Metadata-Version: 2.4
Name: insurance-credibility
Version: 0.1.8
Summary: Credibility models for UK non-life insurance pricing: classical Bühlmann-Straub and individual-policy Bayesian experience rating
Project-URL: Homepage, https://burning-cost.github.io/
Project-URL: Repository, https://github.com/burning-cost/insurance-credibility
Project-URL: Changelog, https://github.com/burning-cost/insurance-credibility/releases
Project-URL: Documentation, https://burning-cost.github.io/insurance-credibility
Project-URL: Bug Tracker, https://github.com/burning-cost/insurance-credibility/issues
Author-email: Burning Cost <pricing.frontier@gmail.com>
License-Expression: MIT
License-File: LICENSE
Keywords: UK,actuarial,bayesian,buhlmann-straub,credibility,empirical-bayes,experience-rating,insurance,personal lines,pricing
Classifier: Development Status :: 3 - Alpha
Classifier: Intended Audience :: Financial and Insurance Industry
Classifier: Intended Audience :: Science/Research
Classifier: License :: OSI Approved :: MIT License
Classifier: Programming Language :: Python :: 3
Classifier: Programming Language :: Python :: 3.10
Classifier: Programming Language :: Python :: 3.11
Classifier: Programming Language :: Python :: 3.12
Classifier: Topic :: Office/Business :: Financial
Classifier: Topic :: Scientific/Engineering :: Information Analysis
Classifier: Topic :: Scientific/Engineering :: Mathematics
Requires-Python: >=3.10
Requires-Dist: numpy>=2.0
Requires-Dist: polars>=1.0
Requires-Dist: scipy>=1.10
Provides-Extra: deep
Requires-Dist: torch>=2.0; extra == 'deep'
Provides-Extra: dev
Requires-Dist: numpy>=2.0; extra == 'dev'
Requires-Dist: pandas>=2.0; extra == 'dev'
Requires-Dist: polars>=1.0; extra == 'dev'
Requires-Dist: pyarrow>=14.0; extra == 'dev'
Requires-Dist: pytest-cov>=4.0; extra == 'dev'
Requires-Dist: pytest>=7.0; extra == 'dev'
Requires-Dist: scipy>=1.10; extra == 'dev'
Provides-Extra: pandas
Requires-Dist: pandas>=2.0; extra == 'pandas'
Requires-Dist: pyarrow>=14.0; extra == 'pandas'
Description-Content-Type: text/markdown

# insurance-credibility

**Bühlmann-Straub credibility and Bayesian experience rating for UK insurance pricing teams.**

[![PyPI](https://img.shields.io/pypi/v/insurance-credibility)](https://pypi.org/project/insurance-credibility/) [![Python](https://img.shields.io/pypi/pyversions/insurance-credibility)](https://pypi.org/project/insurance-credibility/) [![License](https://img.shields.io/badge/license-MIT-green)](https://github.com/burning-cost/insurance-credibility/blob/main/LICENSE)

---

## The problem

Small segments have unstable loss experience. A fleet scheme with 200 vehicle-years has a loss ratio that is mostly noise, but ignoring it entirely prices a segment you have genuine data on. How much should you trust the scheme's own history versus the portfolio average?

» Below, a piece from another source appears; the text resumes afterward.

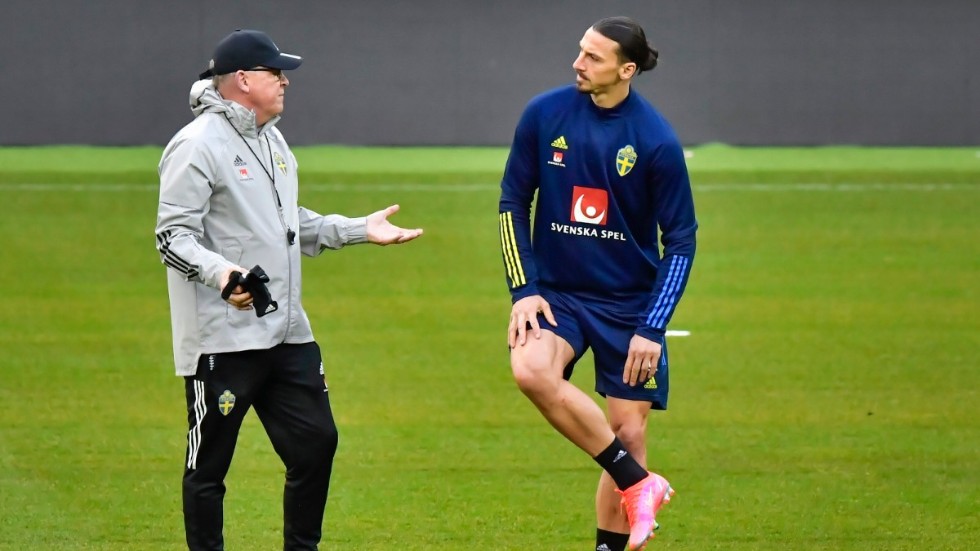 Sveriges förbundskapten Janne Andersson tillsammans med Zlatan Ibrahimovic under en landslagsträning i våras. Arkivbild.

The same question arises at individual policy level: a commercial motor policy with 5 years of no-claims history deserves a discount, but how large? Flat NCD tables assign the same maximum discount regardless of policy size or the underlying claim frequency — a 0.5-vehicle-year policy gets the same credit as a 50-vehicle-year fleet.

**Blog post:** [Bühlmann-Straub Credibility in Python: Blending Thin Segments with Portfolio Experience](https://burning-cost.github.io/2026/02/19/buhlmann-straub-credibility-in-python/)

---

## Why this library?

Bühlmann-Straub is the actuarial standard for this problem — a statistically optimal blend of segment experience with the portfolio mean, weighted by earned exposure. Most existing implementations assume non-insurance data structures: equal group sizes, no exposure weights, no distinction between within-group and between-group variance.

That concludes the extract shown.